Entries taken from a collection
——

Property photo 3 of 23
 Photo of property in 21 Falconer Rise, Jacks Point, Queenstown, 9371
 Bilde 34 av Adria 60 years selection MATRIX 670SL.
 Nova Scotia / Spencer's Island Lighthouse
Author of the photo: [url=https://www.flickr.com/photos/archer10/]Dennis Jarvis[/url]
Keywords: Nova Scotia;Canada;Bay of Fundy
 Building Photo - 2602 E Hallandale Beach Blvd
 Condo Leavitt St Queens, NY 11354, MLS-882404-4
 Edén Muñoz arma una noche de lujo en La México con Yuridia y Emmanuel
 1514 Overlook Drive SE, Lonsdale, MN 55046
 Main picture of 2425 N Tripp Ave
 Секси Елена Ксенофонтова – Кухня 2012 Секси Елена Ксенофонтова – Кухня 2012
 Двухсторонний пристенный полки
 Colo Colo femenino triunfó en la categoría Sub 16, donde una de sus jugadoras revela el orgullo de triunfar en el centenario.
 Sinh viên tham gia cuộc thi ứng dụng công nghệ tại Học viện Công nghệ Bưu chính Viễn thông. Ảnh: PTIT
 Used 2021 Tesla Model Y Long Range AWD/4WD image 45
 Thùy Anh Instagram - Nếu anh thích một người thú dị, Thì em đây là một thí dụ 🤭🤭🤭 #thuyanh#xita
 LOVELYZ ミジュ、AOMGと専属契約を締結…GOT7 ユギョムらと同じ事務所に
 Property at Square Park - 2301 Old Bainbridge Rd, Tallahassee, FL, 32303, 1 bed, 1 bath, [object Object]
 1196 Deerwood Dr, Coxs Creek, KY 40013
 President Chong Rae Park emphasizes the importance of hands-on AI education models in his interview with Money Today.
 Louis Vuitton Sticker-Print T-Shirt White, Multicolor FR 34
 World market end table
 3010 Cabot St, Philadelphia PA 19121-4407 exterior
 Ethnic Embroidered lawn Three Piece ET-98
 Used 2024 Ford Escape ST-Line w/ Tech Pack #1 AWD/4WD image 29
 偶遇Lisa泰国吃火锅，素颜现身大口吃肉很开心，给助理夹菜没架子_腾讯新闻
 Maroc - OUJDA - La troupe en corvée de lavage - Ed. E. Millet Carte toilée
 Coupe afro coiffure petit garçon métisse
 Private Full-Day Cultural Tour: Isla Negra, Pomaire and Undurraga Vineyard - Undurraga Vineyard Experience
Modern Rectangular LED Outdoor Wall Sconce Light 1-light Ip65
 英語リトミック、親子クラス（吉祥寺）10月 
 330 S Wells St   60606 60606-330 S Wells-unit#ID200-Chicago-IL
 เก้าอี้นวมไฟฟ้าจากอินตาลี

——

• Assignment
Write out the entries verbatim, all of them.

• Exercise answer
Property photo 3 of 23
 Photo of property in 21 Falconer Rise, Jacks Point, Queenstown, 9371
 Bilde 34 av Adria 60 years selection MATRIX 670SL.
 Nova Scotia / Spencer's Island Lighthouse
Author of the photo: [url=https://www.flickr.com/photos/archer10/]Dennis Jarvis[/url]
Keywords: Nova Scotia;Canada;Bay of Fundy
 Building Photo - 2602 E Hallandale Beach Blvd
 Condo Leavitt St Queens, NY 11354, MLS-882404-4
 Edén Muñoz arma una noche de lujo en La México con Yuridia y Emmanuel
 1514 Overlook Drive SE, Lonsdale, MN 55046
 Main picture of 2425 N Tripp Ave
 Секси Елена Ксенофонтова – Кухня 2012 Секси Елена Ксенофонтова – Кухня 2012
 Двухсторонний пристенный полки
 Colo Colo femenino triunfó en la categoría Sub 16, donde una de sus jugadoras revela el orgullo de triunfar en el centenario.
 Sinh viên tham gia cuộc thi ứng dụng công nghệ tại Học viện Công nghệ Bưu chính Viễn thông. Ảnh: PTIT
 Used 2021 Tesla Model Y Long Range AWD/4WD image 45
 Thùy Anh Instagram - Nếu anh thích một người thú dị, Thì em đây là một thí dụ 🤭🤭🤭 #thuyanh#xita
 LOVELYZ ミジュ、AOMGと専属契約を締結…GOT7 ユギョムらと同じ事務所に
 Property at Square Park - 2301 Old Bainbridge Rd, Tallahassee, FL, 32303, 1 bed, 1 bath, [object Object]
 1196 Deerwood Dr, Coxs Creek, KY 40013
 President Chong Rae Park emphasizes the importance of hands-on AI education models in his interview with Money Today.
 Louis Vuitton Sticker-Print T-Shirt White, Multicolor FR 34
 World market end table
 3010 Cabot St, Philadelphia PA 19121-4407 exterior
 Ethnic Embroidered lawn Three Piece ET-98
 Used 2024 Ford Escape ST-Line w/ Tech Pack #1 AWD/4WD image 29
 偶遇Lisa泰国吃火锅，素颜现身大口吃肉很开心，给助理夹菜没架子_腾讯新闻
 Maroc - OUJDA - La troupe en corvée de lavage - Ed. E. Millet Carte toilée
 Coupe afro coiffure petit garçon métisse
 Private Full-Day Cultural Tour: Isla Negra, Pomaire and Undurraga Vineyard - Undurraga Vineyard Experience
Modern Rectangular LED Outdoor Wall Sconce Light 1-light Ip65
 英語リトミック、親子クラス（吉祥寺）10月 
 330 S Wells St   60606 60606-330 S Wells-unit#ID200-Chicago-IL
 เก้าอี้นวมไฟฟ้าจากอินตาลี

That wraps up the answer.